El descubrimiento fue presentado en una conferencia de prensa en Rabat, Marruecos, por el ministro de Cultura, Mohamed Mehdi Bensaid, acompañado de algunos de los investigadores que participaron en el hallazgo, el cual fue publicado en la prestigiosa revista científica Nature.
El equipo detrás de este descubrimiento está compuesto por investigadores de Marruecos, Francia, Italia, España y Alemania.

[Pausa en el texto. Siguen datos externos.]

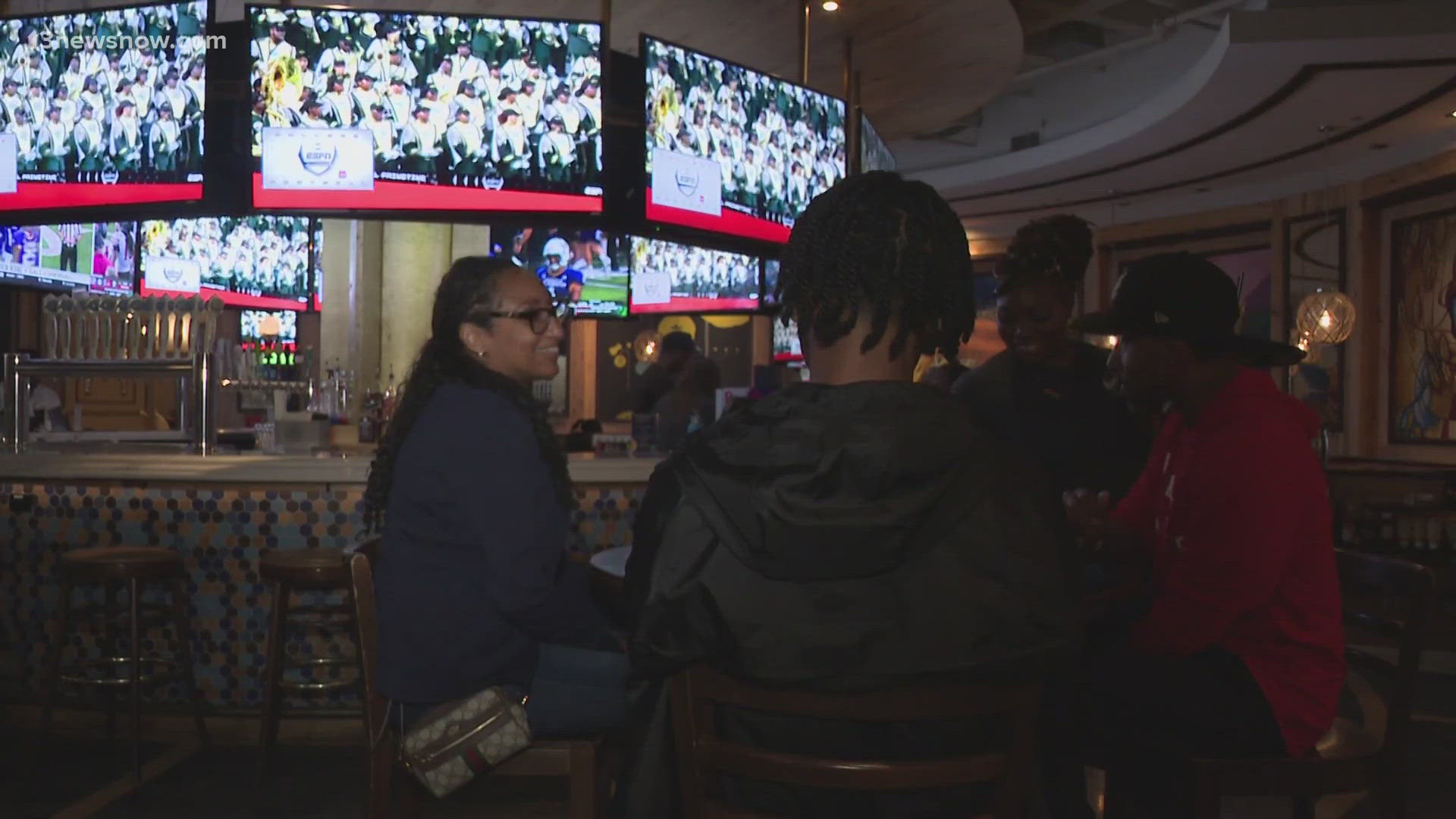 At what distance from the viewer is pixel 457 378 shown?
2.45m

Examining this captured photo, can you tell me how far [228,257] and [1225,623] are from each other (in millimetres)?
6263

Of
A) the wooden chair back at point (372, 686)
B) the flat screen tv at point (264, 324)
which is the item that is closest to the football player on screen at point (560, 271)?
the flat screen tv at point (264, 324)

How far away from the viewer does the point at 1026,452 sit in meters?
1.28

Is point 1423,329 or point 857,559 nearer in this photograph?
point 857,559

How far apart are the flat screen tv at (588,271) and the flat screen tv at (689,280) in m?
0.09

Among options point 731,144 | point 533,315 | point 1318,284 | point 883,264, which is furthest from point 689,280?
point 883,264

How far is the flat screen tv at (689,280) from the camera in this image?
7.68 m

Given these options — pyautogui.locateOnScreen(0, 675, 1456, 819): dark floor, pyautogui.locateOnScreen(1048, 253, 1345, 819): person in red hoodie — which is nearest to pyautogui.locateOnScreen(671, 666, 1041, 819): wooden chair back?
pyautogui.locateOnScreen(1048, 253, 1345, 819): person in red hoodie

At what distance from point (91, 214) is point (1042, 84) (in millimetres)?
9227

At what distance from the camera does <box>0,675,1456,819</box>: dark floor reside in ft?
11.1

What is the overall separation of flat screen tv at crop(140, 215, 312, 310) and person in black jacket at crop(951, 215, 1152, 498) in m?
4.98

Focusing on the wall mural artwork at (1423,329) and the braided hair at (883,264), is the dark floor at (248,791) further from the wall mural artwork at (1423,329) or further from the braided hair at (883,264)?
the wall mural artwork at (1423,329)

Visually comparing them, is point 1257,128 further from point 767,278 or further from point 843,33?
point 843,33

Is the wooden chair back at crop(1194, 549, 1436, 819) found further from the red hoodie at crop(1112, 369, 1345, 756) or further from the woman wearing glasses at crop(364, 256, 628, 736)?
the woman wearing glasses at crop(364, 256, 628, 736) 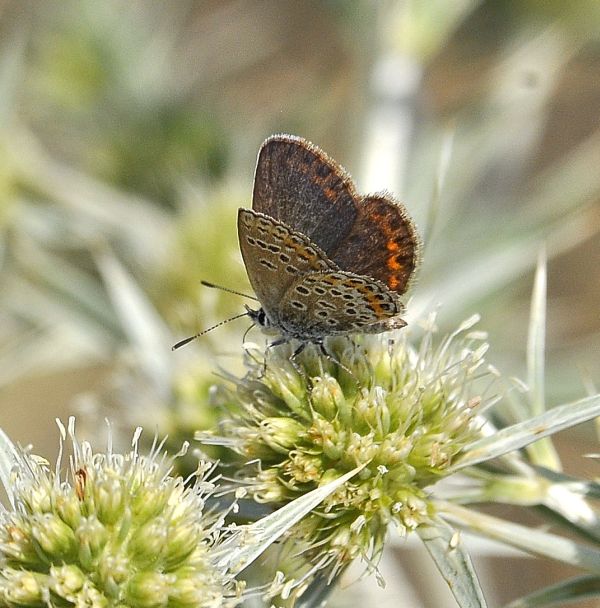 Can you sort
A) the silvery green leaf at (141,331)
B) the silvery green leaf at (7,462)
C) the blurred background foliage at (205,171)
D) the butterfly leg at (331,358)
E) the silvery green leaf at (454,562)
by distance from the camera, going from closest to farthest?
the silvery green leaf at (454,562)
the silvery green leaf at (7,462)
the butterfly leg at (331,358)
the silvery green leaf at (141,331)
the blurred background foliage at (205,171)

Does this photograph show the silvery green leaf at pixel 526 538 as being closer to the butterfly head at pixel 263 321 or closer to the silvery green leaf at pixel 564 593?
the silvery green leaf at pixel 564 593

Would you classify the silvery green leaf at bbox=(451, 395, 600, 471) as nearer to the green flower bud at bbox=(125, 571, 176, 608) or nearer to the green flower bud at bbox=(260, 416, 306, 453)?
the green flower bud at bbox=(260, 416, 306, 453)

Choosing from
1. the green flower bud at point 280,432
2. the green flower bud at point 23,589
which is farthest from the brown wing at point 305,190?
the green flower bud at point 23,589

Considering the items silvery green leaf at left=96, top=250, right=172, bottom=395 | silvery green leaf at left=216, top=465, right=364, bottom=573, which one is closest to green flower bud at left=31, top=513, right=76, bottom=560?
silvery green leaf at left=216, top=465, right=364, bottom=573

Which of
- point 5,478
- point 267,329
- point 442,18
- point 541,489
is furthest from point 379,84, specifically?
point 5,478

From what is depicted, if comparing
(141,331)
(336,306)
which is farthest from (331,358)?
(141,331)

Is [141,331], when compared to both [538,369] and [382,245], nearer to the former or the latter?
[382,245]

Reforzando la teoría africana del origen humano
Este hallazgo fortalece la teoría que sitúa los orígenes del ser humano en África. La descripción y datación de los fósiles respaldan esta perspectiva, desafiando la teoría alternativa que sugiere un origen euroasiático del Homo sapiens.
¿Dónde vivió el último ancestro común?
Los expertos creen que el último ancestro común de los humanos modernos, neandertales y homínidos de Denísova existió hace entre 765,000 y 550,000 años. El debate en la comunidad científica se centra en identificar la ubicación de estos ancestros.
Aunque la aparición del Homo antecessor en Atapuerca, España, hace unos 800,000 años, indicaba una conexión ancestral en Europa, el descubrimiento en Marruecos refuerza la idea de un vínculo africano, sugiriendo que el homínido que conectó al Neanderthal con el Homo sapiens pudo haber provenido de África.
Los fósiles detallados incluyen una mandíbula adulta casi completa, una mitad de mandíbula adulta, una mandíbula infantil, varios dientes y vértebras. Todos fueron desenterrados en 2008 en la cueva “Grotte à Hominidés” del yacimiento Thomas Quarry I en Casablanca.
Significado del descubrimiento en la evolución humana
Según Abderrahim Mohib, director de la misión de investigación “Prehistoria de Casablanca”, los homíninos encontrados en esta cueva combinan rasgos arcaicos del Homo erectus con características más modernas, lo que los convierte en unos de los mejores candidatos para el origen común del hombre moderno.
Este avance ayuda a llenar un importante vacío en el registro fósil africano. En este periodo, se estima que ocurrió la separación evolutiva entre los ancestros africanos del Homo sapiens y los grupos que emigraron a Eurasia, que luego se convirtieron en los neandertales y denisovanos.
Confirmación del papel crucial del norte de África
Los fósiles presentan una mezcla de rasgos primitivos y avanzados, sugiriendo la presencia de poblaciones humanas en una fase crucial de la evolución. Esto refuerza la idea de la profunda raíz africana de nuestra especie y el papel esencial del norte de África en momentos clave de la evolución humana.
Los restos más antiguos del Homo sapiens, que datan de unos 315,000 años, fueron encontrados en el sitio arqueológico de Jbel Irhoud, al sur de Marruecos, en 2017.